Friday, January 24, 2014

My Two Worlds



              A writer has two worlds; their everyday life and the world they create. It’s a solitaire life as you sit at the computer weaving your characters and their lives together. There are times you struggle getting the words from your mind to paper in a coherent and legible fashion as the ideas swarm in your head. Other times you leave the imaginary world for a glimpse of reality and the challenge is to return to the make-believe before you inspiration evaporates.
                I’m currently in the latter situation. For several reasons I’ve drifted away from the story I’m working on. Now the story and characters are miles away and I need to start at the beginning to regain the thread of their lives.
                Once a month, three of my writer friends and I get together and discuss what we are working on or ideas for publicity. I had several reasons to decline the other nights meeting, from sickness, to not having anything to discuss as my story is still at the beginning and only a portion is in the computer. So I stalled in contacting them as I felt I was letting them down with a no show or more importantly letting myself down. Deep in my heart I knew I could and should do better. So at the last minute I went to our scheduled meeting.
                Only other writer’s truly understand the complexities of both worlds and the separation of the two. As I sat listening to my three friends I was reminded we all struggle with family, aging parents and the need to put words on paper. Writing and/or reading is what balances the rest of our lives and keeps us sane when the family troubles seem unbearable. I’ve wondered how I’d return to my story after such a long hiatus. My friend bluntly stated I needed to BIC—Butt In Chair. Her statement reminded me of an article I read a long time ago in the Reader’s Digest on how average people succeed and a quote I’d taped to my desk. The quote is long since gone but the idea is similar to hers: you glue your butt in the chair and stick with every project doing the best you can.  So today I’m gluing myself in my chair and returning to Until We Met Again.
                I’d like to thank my friends Genene Valleau, Chris Kramer and Chris Young for always keeping me down to earth and reminding me of the pot of glue.

Tuesday, January 7, 2014

Guest blog by Paty Jager



 Beneath the Covers is proud to present award winning writer Paty Jager.

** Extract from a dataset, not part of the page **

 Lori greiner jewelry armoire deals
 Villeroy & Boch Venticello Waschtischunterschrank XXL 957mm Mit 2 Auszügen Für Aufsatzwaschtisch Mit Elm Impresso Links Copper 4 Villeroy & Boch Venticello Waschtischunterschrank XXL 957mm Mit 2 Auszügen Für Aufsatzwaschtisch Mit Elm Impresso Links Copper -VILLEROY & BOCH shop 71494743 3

How a Story Can Take a Twist
By
Paty Jager

Rosemary, Thank you for having me on your blog today.
I’m an eclectic writer.  I find sticking to one genre gets boring, so I hop back and forth between genres. I write historical and contemporary western romance, historical paranormal romance (Native American stories) and contemporary action adventure with romantic elements. While I genre surf, I always have a western or Native American element in my stories.
The book that just released is Laying Claim, a book set in 1898 in Alaska and the Yukon during the gold rush.  The idea to write a book set during this time and in this setting came to me years ago when I visited our daughter in Ketchikan, Alaska. At the time I was intrigued by the history of that town and grabbed up all the books in their book store on the history of the area. That started the juices bubbling about setting a story in Alaska.
Several years later for our thirtieth anniversary, my husband and I took an Alaskan cruise. This time it was Skagway and the Chilkoot and White Pass trails that caught my attention and made me start spinning scenes in my head.
When I wrote the end of Logger in Petticoats the fifth Halsey brother book, I put in that Jeremy, the brother to the heroine in the first book, Marshal in Petticoats, had headed to Alaska looking for gold. After the last book, I started getting emails from readers wanting more Halsey books.  Having sent Jeremy to Alaska it was a no-brainer that his story would take place in the Alaska and Yukon gold country.
The book started out with him discovering there was more money to be made by transporting goods for the greedy gold seekers and he started a packing operation. The book opens with him having made his fortune packing and is ready to head home. Only along comes a pretty, strong-willed, bit of a woman who is determined to get to the Yukon interior and find her brother. No amount of persuasion from Jeremy can get her to change her mind. He can’t ignore how he was brought up and he hires on as her guide.
This is where the story had to take a twist I hadn’t planned. I wanted him to use his pack string to cross the White Pass and show the carnage of the poor horses who didn’t make it over the pass. But upon researching, I discovered the winter that came right after the word got out about the biggest strike in the Klondike was also the worst winter in the gold rush history. That meant, even horses couldn’t get over the pass after feet of snow were dumped.
Plan B: When the heroine, Clara, makes an enemy of the villainous man running most of Skagway at the time, Jeremy has to get her out of town quickly when there is a slight break in the storm. To do this he trades his pack string for two dog teams and six sleds. And from there the action begins.
This proves even with the best laid plans for a story, if you don’t get all the historical facts before planning a book, it can take a twist you didn’t see coming, but in the long run can make for just as entertaining a read.
Blurb for Laying Claim: Jeremy Duncan commits to haul one last load of supplies across the great interior of the Yukon before heading home. But, he has to trade his pack animals for sled dogs and leave Skagway in the middle of a blizzard due to one strong-willed, business-minded beauty.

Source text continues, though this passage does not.